While President Bush was dissembling on global warming Wednesday afternoon, Justice Department attorneys were busy putting the final touches on that friend-in-the-court brief we warned about. As expected, DOJ defends the auto industry's argument-- smacked down by District Court Judge William Sessions in September 2007-- that federal energy law preempts Vermont's clean cars law. Its amicus brief chides the lower court for not giving extreme deference to the administration's finding of preemption in the CAFE regulations issued in 2006, and strongly hints that forthcoming CAFE rules responding to December's congressional energy bill will reiterate that position.
Yet rather than support the industry's appeal outright, the administration is asking that the Second Circuit declare the entire case "not justiciable" on ripeness grounds; it's preferred solution is for the court to toss Sessions' ruling, and then remand the case to him for outright dismissal.
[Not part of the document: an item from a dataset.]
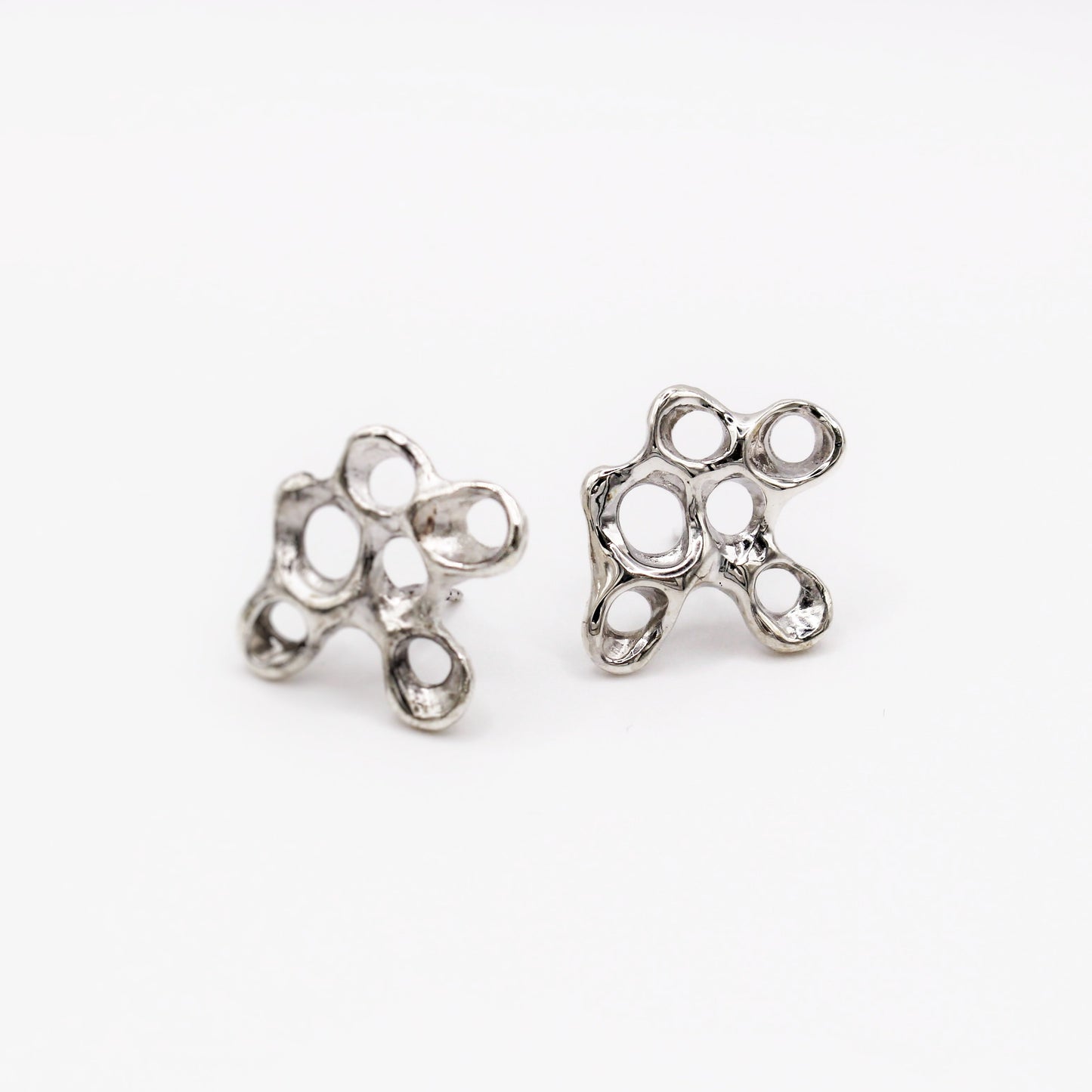 Raíz earrings in recycled sterling silver, sea inspired jewelry by Naturalesa Jewelry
DOJ argues that Sessions was wrong to hear the case while the EPA had yet to rule on California's waiver application, and so long as that waiver's denial remains in effect-- which all parties agree currently pre-empts California from moving forward, and Vermont and a dozen other states from following suit-- a ruling here would serve as a mere "advisory opinion."
Vermont Attorney General William Sorrell tells the AP, in response, that, "there's a long way that the Bush administration has to go before they uphold the validity of that waiver." Nevertheless, delaying legal judgment on the EPCA argument until later might well be the administration's aim in suddenly asserting a lack of ripeness several years after this suit was filed. Were the courts to adopt the administration's position in this case, then following an EPA loss in court (which the agency's lawyers warned would be inevitable), the industry could simply assert its other preemption claims anew.
Of course, by that time, Bush might be out of office, and the new administration might well reverse its legal accord with the auto industry. But seeing as passing the buck on climate change is a pursuit that this administration has proved rather adept at, why should this case be any different?
I thought that there was supposed to be at most just two sets of rules -- the federal rules and the California rules. We are not supposed to have Vermont rules too.
Posted by: Larry Fafarman | April 20, 2008 at 03:20 AM
The Act allows other states to adopt the Cal. rules. When they do so, there are still only two sets of rules: the federal rules and California's.
Posted by: Tim Dowling | April 20, 2008 at 06:29 PM
--"The Act allows other states to adopt the Cal. rules. When they do so, there are still only two sets of rules: the federal rules and California's. "--
Yes, I know that. But if Vermont supports the proposed California greenhouse-gas auto emissions standards, then Vermont should join California's suit over denial of the waiver. Vermont should not sue separately.
Posted by: Larry Fafarman | April 20, 2008 at 09:06 PM
Vermont didn't sue. Industry sued Vermont. USDOJ filed an amicus brief.
Posted by: Tim Dowling | April 20, 2008 at 10:46 PM
And as far as California's suit challenging EPA's waiver denial is concerned, Vermont does support California. But the 2d Circuit litigation involving Vermont's rules was fied by industry, not Vermont.
Posted by: Tim Dowling | April 20, 2008 at 10:49 PM
"juisticeability" sounds like another Bushism. Like "truthiness".